The situation with your child depends a bit on the situation. You said the child was from a former marriage (or I thought you did - maybe not). But if the father's name really does not figure on the child's birth certificate, then you should be able to get the appropriate visa for the child as your dependent (and based on the sort of visa you wind up obtaining). 

Regardless where you get married, however, the child will not get any sort of nationality rights or relationship rights to your husband - normally he would have to formally adopt the child, and that will take some jumping through hoops to establish that the child's father really has relinquished (or never had) any claim on the child.

As far as the requirements for getting married in Denmark, start with the US Consulate there: Getting Married | Copenhagen, Denmark - Embassy of the United States
Cheers,
Bev


----------



## American1234 (Dec 19, 2015)

So what would be the first step then ? Do I just fill out a visa online or somethingg? How much does it typically cost? How about the wait times? I don't know what to do first. My child and I are both born in usa.


----------



## ALKB (Jan 20, 2012)

American1234 said:


> So what would be the first step then ? Do I just fill out a visa online or somethingg? How much does it typically cost? How about the wait times? I don't know what to do first. My child and I are both born in usa.


The first thing would be to make sure you know your fiancé's immigration status in Germany.

Ask him to send you an image of his vignette or BRP card.

It should state the type of residence permit he has.

Information on marriage in Denmark:

Marriage


----------



## Nononymous (Jul 12, 2011)

American1234 said:


> So what would be the first step then ? Do I just fill out a visa online or somethingg? How much does it typically cost? How about the wait times? I don't know what to do first. My child and I are both born in usa.


The first step is not yours to take but your fiancé's - he needs to determine whether his status in Germany will allow him to be joined by a spouse and dependent child. By now he's probably familiar with the Ausländerbehörde, those are the people he needs to ask. 

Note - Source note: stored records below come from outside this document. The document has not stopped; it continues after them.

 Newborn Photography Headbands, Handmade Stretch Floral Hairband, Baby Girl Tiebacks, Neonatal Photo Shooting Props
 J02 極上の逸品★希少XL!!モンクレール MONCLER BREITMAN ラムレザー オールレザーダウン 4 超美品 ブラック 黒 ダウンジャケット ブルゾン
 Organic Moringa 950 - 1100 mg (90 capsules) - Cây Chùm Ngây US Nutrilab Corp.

Assuming it's possible - and it sounds like it should be if he's legally living and working in Germany and earning enough to support you both - then the next step is to get married somewhere - the US or Denmark would be the obvious choices (not Germany - bureaucratic nightmare).

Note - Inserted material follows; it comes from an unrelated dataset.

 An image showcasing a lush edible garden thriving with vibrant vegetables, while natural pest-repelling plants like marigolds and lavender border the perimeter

The third step is for you to move to Germany and apply for a residence permit. As US citizens, you don't need visas beforehand, you can take care of the paperwork within 90 days of arrival. But you would want to know exactly what papers to bring with you, what needs translating, etc. - another matter for your fiancé to sort out with the Ausländerbehörde.

What I'm implying here is that your fiancé needs to be the one doing the legwork, as he's bringing you into the country where he's currently living, and he's the one who should know how to deal with the local authorities.

I have no idea if there would be complications due to single parenthood. It might be worth hiring an immigration consultant or lawyer in Germany to steer you both through the process.


----------



## Crawford (Jan 23, 2011)

Macedonia is not a member of the EU; so your fiance has no right to live and work in Germany _as an EU citizen would._

He would need to have a work visa or something similar - I would carefully check this if I were you. You would not want to find yourself moving to Germany only to find you have no rights to live there either.


----------



## Kimberley12 (Dec 15, 2015)

Germany was great, very clean. Life is Europe is nice and slow. Family comes first and the job second.. I recommend going to a big city, Berlin would be a very good choice because it's really easy to adapt to and like I said there are a lot of different options.


----------